Power BI in Fabric: Direct Lake, Semantic Models, Import vs DirectQuery vs Direct Lake, and Connecting Your Data to Reports

Every pipeline, every notebook, every transformation — all of it leads to one thing: a dashboard that business users look at. Power BI is that dashboard. And in Fabric, Power BI gets a superpower it never had before: Direct Lake mode.

Direct Lake reads data directly from OneLake Delta tables — no data import, no scheduled refresh, no DirectQuery performance penalty. It combines the speed of Import mode with the freshness of DirectQuery. This post explains how it works, when it falls back to DirectQuery, and how to connect your Lakehouse and Warehouse tables to Power BI reports.

Think of Import mode like printing a report — fast to read but stale the moment you print it.

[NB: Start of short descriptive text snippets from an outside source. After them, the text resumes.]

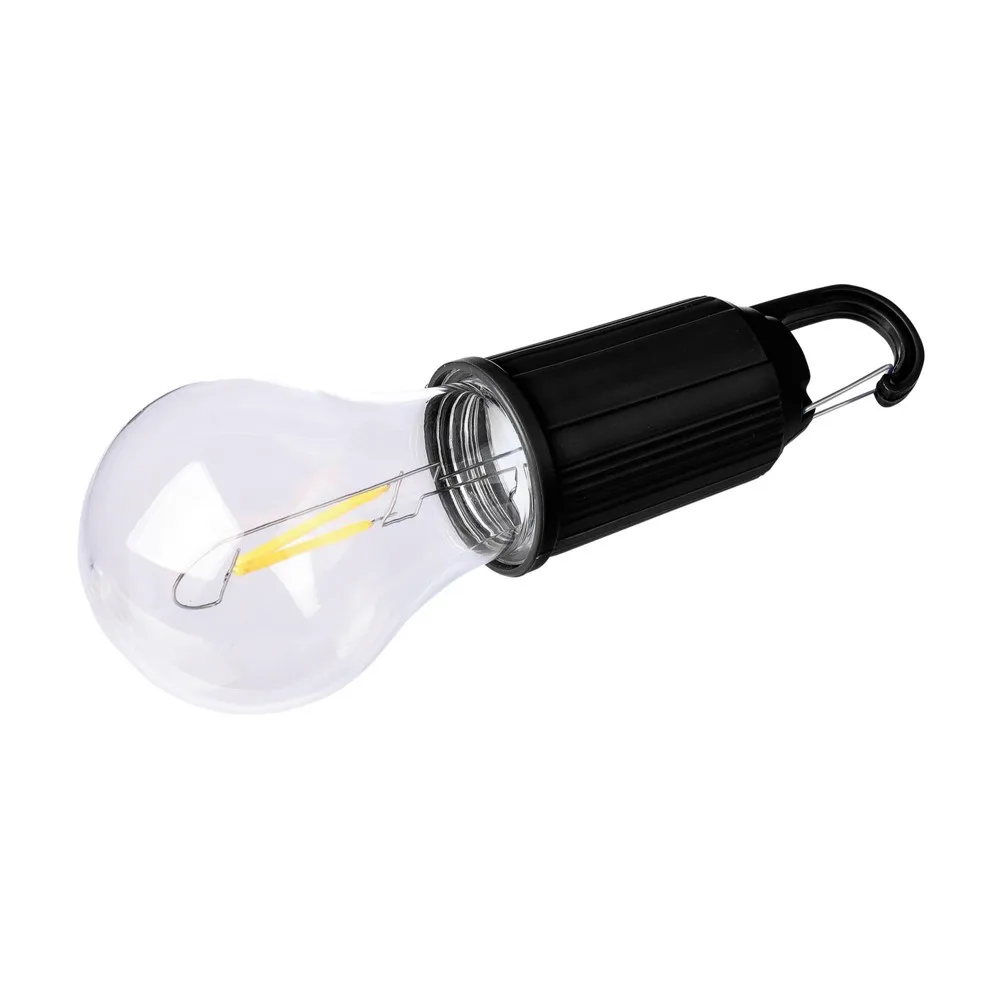 Gloeilamp Dalton | Vintage | 60 lumen — productfoto 18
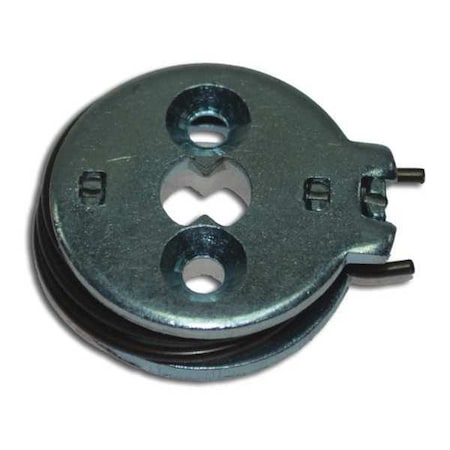 Codelocks Lever Return Spring, For CL200 LRS-200
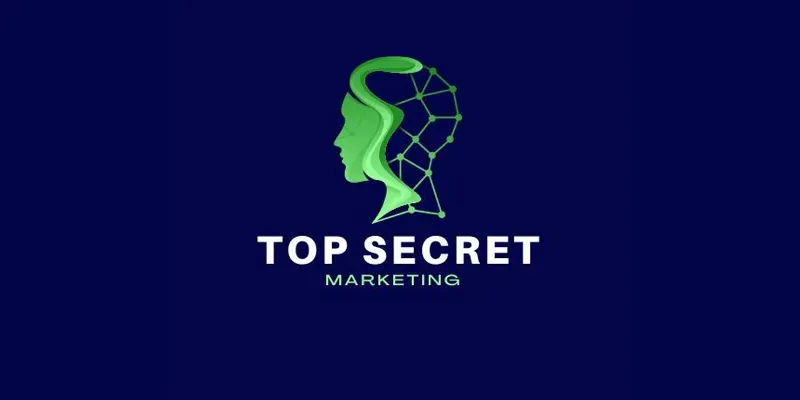 topsecretmarketing profile banner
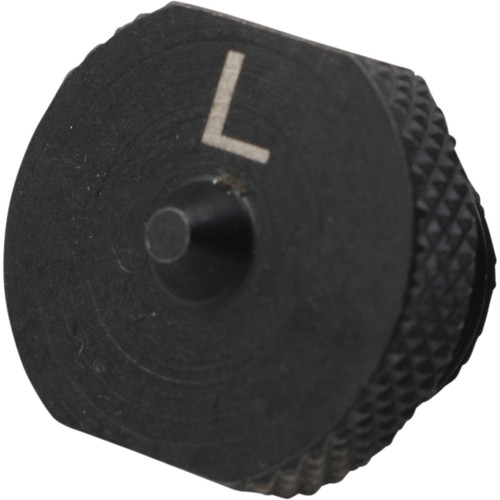 Bikeservice #BS3510L - Rivet Tip - Replacement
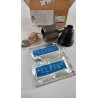 Pièce pour FORD - Joint Kit, Drive Shaft 1909749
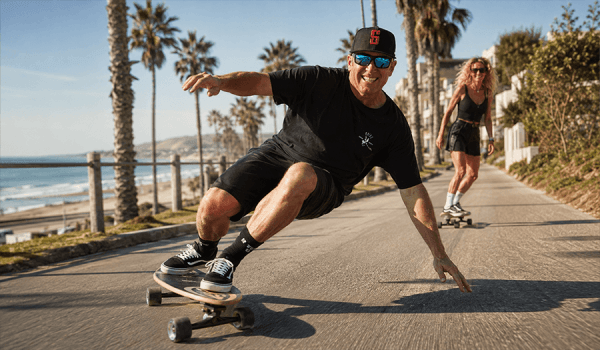 2026 RIS Summer Gear Guide Revolt In Style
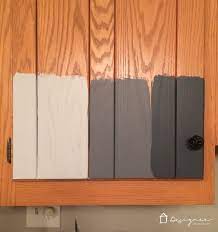 How to paint kitchen cabinets without sanding or priming. 23 Paint Kitchen Cabinets Without Sending Or Priming Ideas Painting Kitchen Cabinets Kitchen Cabinets Kitchen Paint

DirectQuery is like a live video feed — always current but slow because it queries the source every time you interact. Direct Lake is like a smart TV with local cache — it reads directly from storage (fast) and the data is always the latest version (fresh). Best of both worlds.

The Three Connection Modes
Import Mode (Traditional)
DirectQuery Mode
Direct Lake Mode (New in Fabric)
How Direct Lake Works
When Direct Lake Falls Back to DirectQuery
Semantic Models in Fabric
What Is a Semantic Model
Auto-Generated vs Custom Semantic Models
Creating a Semantic Model from Lakehouse
Creating a Semantic Model from Warehouse
Building Relationships
Measures and Calculated Columns
Connecting Power BI Desktop to Fabric
Default Semantic Model vs Custom
Report Refresh Behavior
Row-Level Security with Direct Lake
Performance Optimization for Direct Lake
V-Order
Column Data Types
Partitioning
Real-World Scenario: End-to-End Pipeline to Dashboard
Common Mistakes
Interview Questions
Wrapping Up

The Three Connection Modes

Feature	Import	DirectQuery	Direct Lake
Where data lives	Copied into Power BI dataset	Stays in source DB	Stays in OneLake (Delta)
Freshness	Stale (until refresh)	Always current	Always current
Speed	Fastest (in-memory)	Slower (queries source on every interaction)	Fast (reads Delta directly)
Refresh needed?	Yes (scheduled)	No	No
Dataset size limit	1 GB (Pro), 400 GB (Premium)	No limit	No limit
Works with	Any data source	Any data source	Fabric Lakehouse/Warehouse only
Available in	Always	Always	Fabric only

Import Mode (Traditional)

Data Source → [Scheduled Refresh] → Power BI Dataset (in-memory copy) → Report
  - Data is COPIED into Power BI
  - Fast queries (everything in RAM)
  - Stale between refreshes (8 refreshes/day on Pro)
  - Size limited (1 GB Pro, 400 GB Premium)

DirectQuery Mode

Report interaction → Power BI sends SQL query → Data Source → results → Report
  - No data copied (always queries the source)
  - Always fresh (real-time)
  - Slower (every click sends a query to the source)
  - Source must be performant

Direct Lake Mode (New in Fabric)

Report interaction → Power BI reads Delta files directly from OneLake → Report
  - No data copied (reads Delta Parquet files directly)
  - Always fresh (reads latest Delta version)
  - Fast (reads optimized columnar files, similar speed to Import)
  - No scheduled refresh needed
  - ONLY works with Fabric Lakehouse and Warehouse tables

How Direct Lake Works

Step 1: You create a semantic model on a Lakehouse or Warehouse
Step 2: Power BI identifies the Delta table files in OneLake
Step 3: When a user opens a report, Power BI reads the Parquet files directly
        (no data copy, no SQL query to the source)
Step 4: Data is loaded into the VertiPaq engine (in-memory, columnar)
Step 5: Report renders with Import-like speed

When the underlying Delta table changes (notebook writes new data):
  → Power BI detects the change on next interaction
  → Loads the updated Delta files
  → Report shows fresh data — no scheduled refresh!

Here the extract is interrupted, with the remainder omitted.